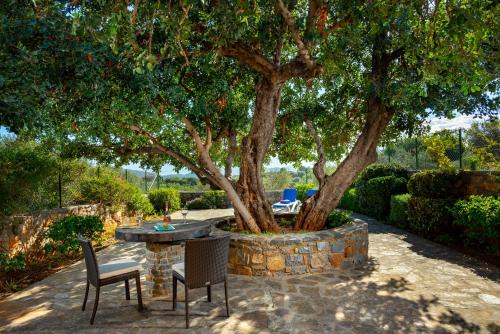 Carob Cottage in Elounda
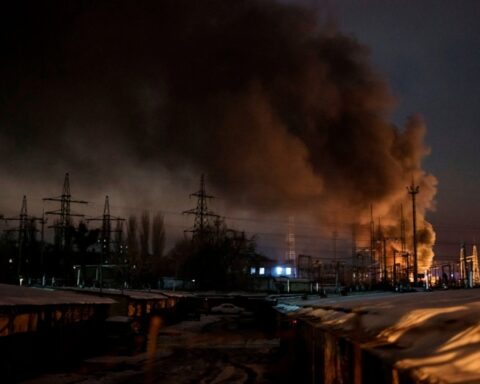 مقتل 5 أشخاص في هجمات روسية بمسيّرات على أوكرانيا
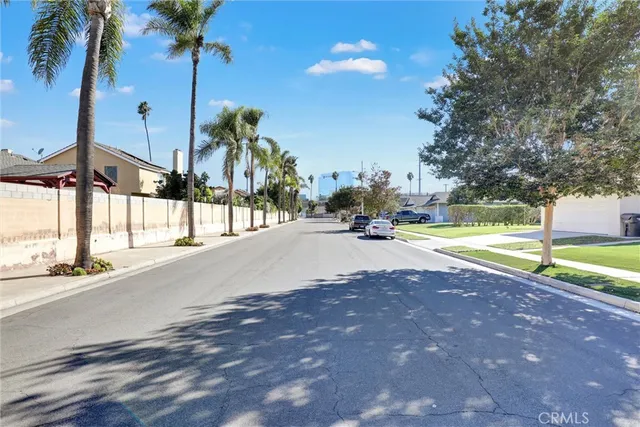 $1,180,000 | 15391 Rushmoor Lane, Huntington Beach, CA 92647
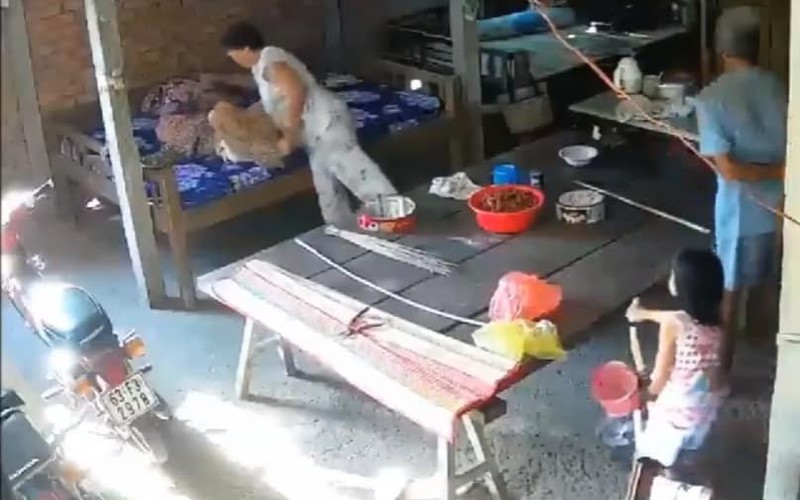 nguoc dai, chui boi bo me gia co the bi phat tu den 5 nam hinh 1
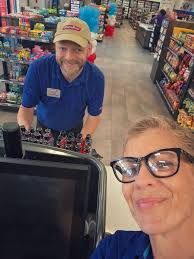 Some ebuggy qualifying at Barnstormers RC Raceway in Chester NY w my 4.1e  running Schelle Racing Innovations XTR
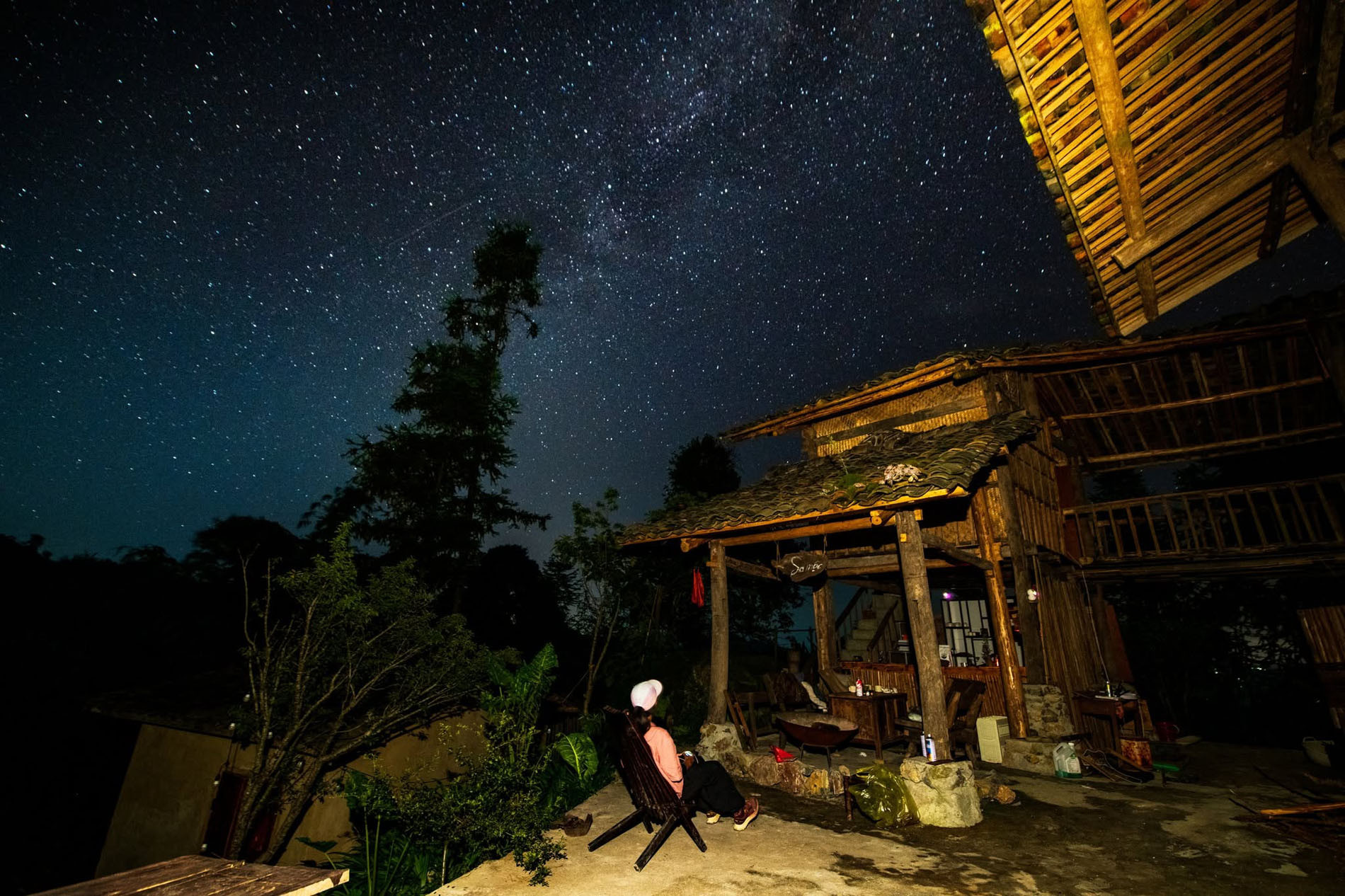 Từ nhà quê thành homestay nông thôn tiện nghi mà vẫn giữ hồn bản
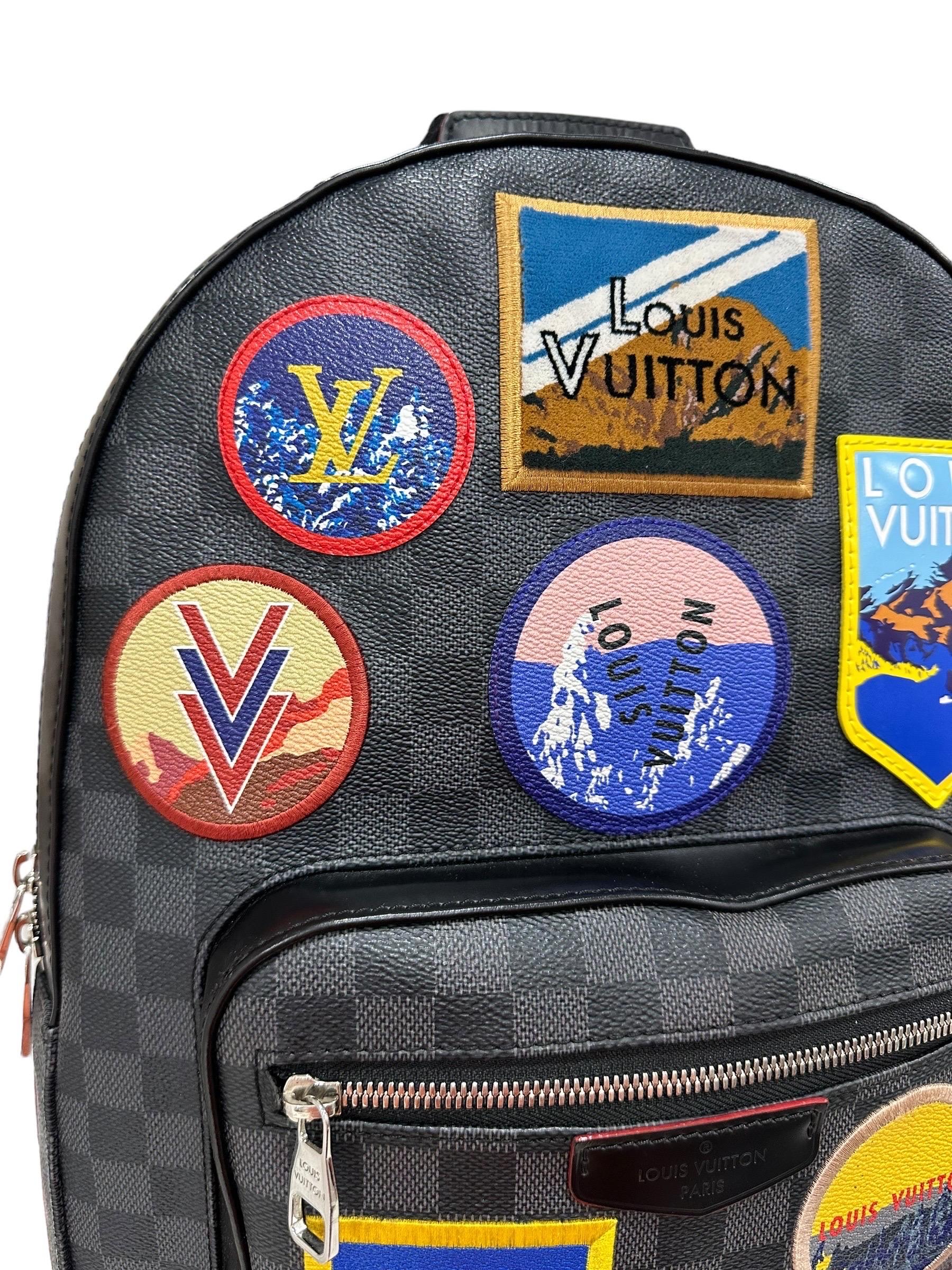 Zaino firmato Louis Vuitton, modello Limited Edition Josh L.E., misura MM, presenta un corpo in tela damier con inserti in pelle e hardware argento. Dotato di un'apertura superiore richiudibile da una zip e una tasca frontale, internamente rivestito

• • • • •

(Problem to work on)
Starting at the first line of the entries, restate word for word everything through the line that holds "Từ nhà quê thành", both ends included, but omit any pictures.

(Exercise response)
 Carob Cottage in Elounda
 مقتل 5 أشخاص في هجمات روسية بمسيّرات على أوكرانيا
 $1,180,000 | 15391 Rushmoor Lane, Huntington Beach, CA 92647
 nguoc dai, chui boi bo me gia co the bi phat tu den 5 nam hinh 1
 Some ebuggy qualifying at Barnstormers RC Raceway in Chester NY w my 4.1e  running Schelle Racing Innovations XTR
 Từ nhà quê thành homestay nông thôn tiện nghi mà vẫn giữ hồn bản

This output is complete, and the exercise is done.